The Graceland University Theatre department put on yet another fantastic play November 20-23. The play was Sylvia, by A.R. Gurney, and was directed by a guest director, David Shelton. Shelton is a professor emeritus at the University of Florida who spent time at Graceland this winter to inspire the actors and actresses of Sylvia. The unique and humorous play took place in the J.R. Theatre in the Shaw Center.
Sylvia is about the conflict between a man named Greg and his wife, Kate, when Greg brings home a dog and names her Sylvia. The play is unique because the dog is played by a human who talks to the audience and the other cast members. The comedy follows Greg and Sylvia’s adorable love story as she becomes “man’s best friend,” but when Kate begins to feel left out and jealous, Greg almost chooses Sylvia over her.

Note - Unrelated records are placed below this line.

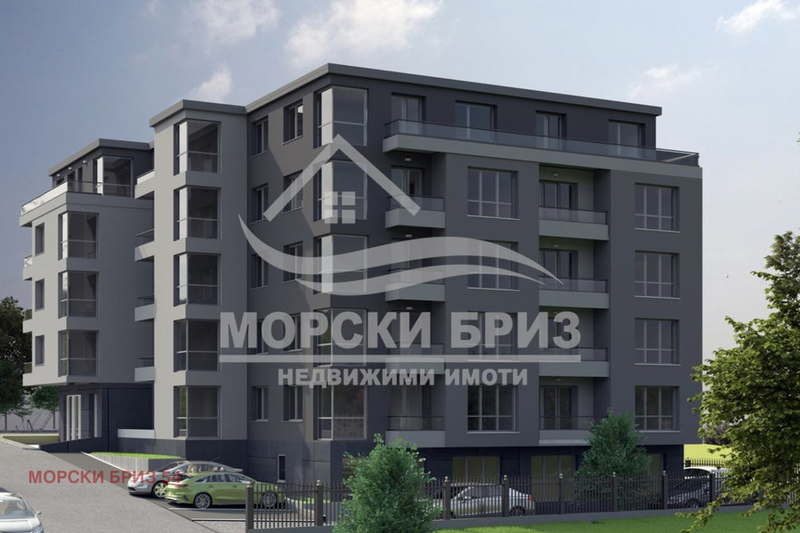 Двустаен апартамент в кв. Владислав Варненчик с паркинг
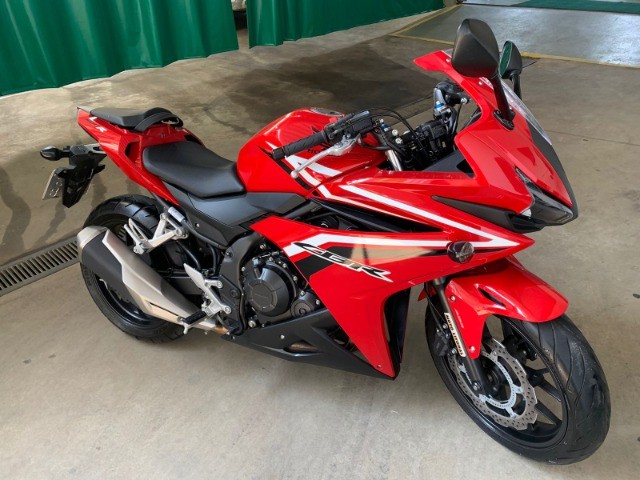 MOTO HONDA CBR 500 R 2017
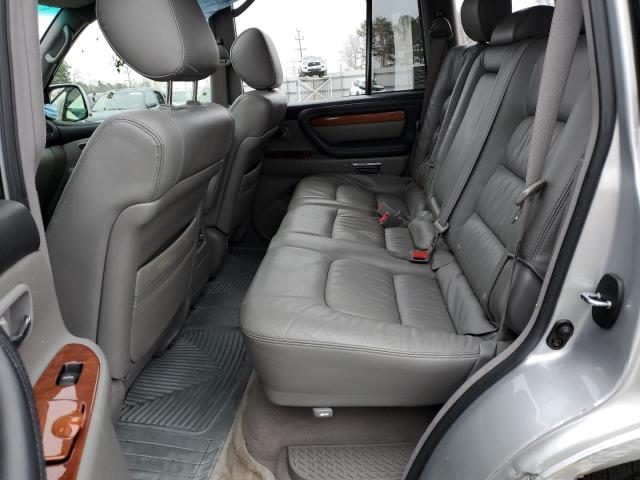 Photo 11 from auction – 2006 LEXUS LX 470 with VIN JTJHT00W964014072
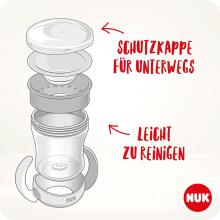 Mini Magic Cup Learning Cup Leak-proof 360° Art.285627 Mini Magic Cup 360 with non-spill handle 6+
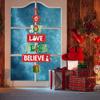 Christmas Door Hanger New Year Party Pendants Xmas Tree Hanging Oranments Santa Claus Snoweman Christmas
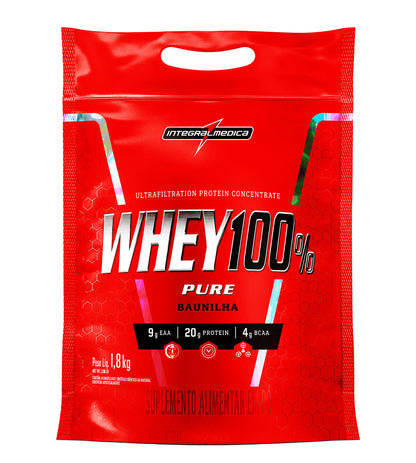 Whey 100% Pure 4 Libras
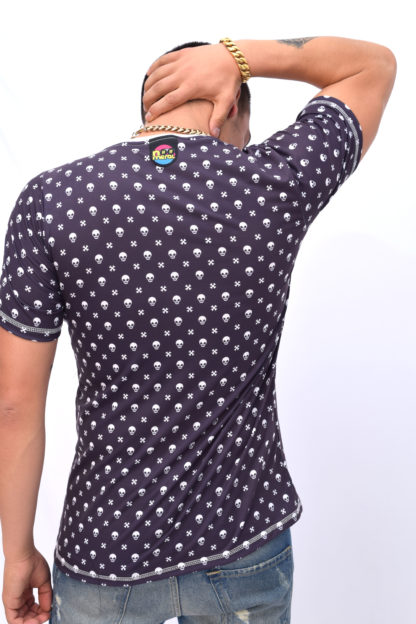 Camisa calaveras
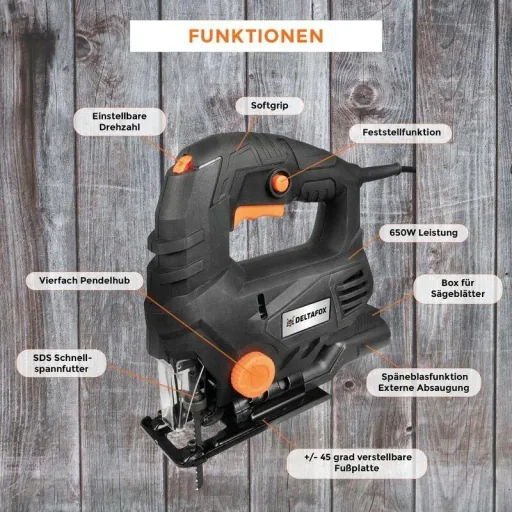 Deltafox Electric Jigsaw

Lindsay Foster is the dog-loving actress who plays Sylvia. Her enthusiasm and portrayal of canine mannerisms like jumping on the couch or peeing on the floor had the audience crying with laughter all night. Kate’s snooty friend Phyllis, played by Rebecca Perryman, experiences the worst of Sylvia’s dog-isms when she buries her face in Phyllis’ lap. Sylvia truly resembled a dog by displaying a pup’s unconditional love for her master. She yelps to Greg, “I love you! Even when you hit me I love you!… I think you’re God!”
Spencer Bergman plays the charismatic but slightly oblivious Greg. Greg becomes a little too infatuated with Sylvia to the point that his wife feels left out and unappreciated. In the play program, Bergman insists that he loves dogs, but that he is not deranged about them the way Greg is. While walking in the dog park, Greg encounters Tom, played by Justin Pontier. Tom is a boisterous dog-lover who recommends a number of canine care books to an unimpressed Greg. Kate, Greg’s wife, is even more unimpressed.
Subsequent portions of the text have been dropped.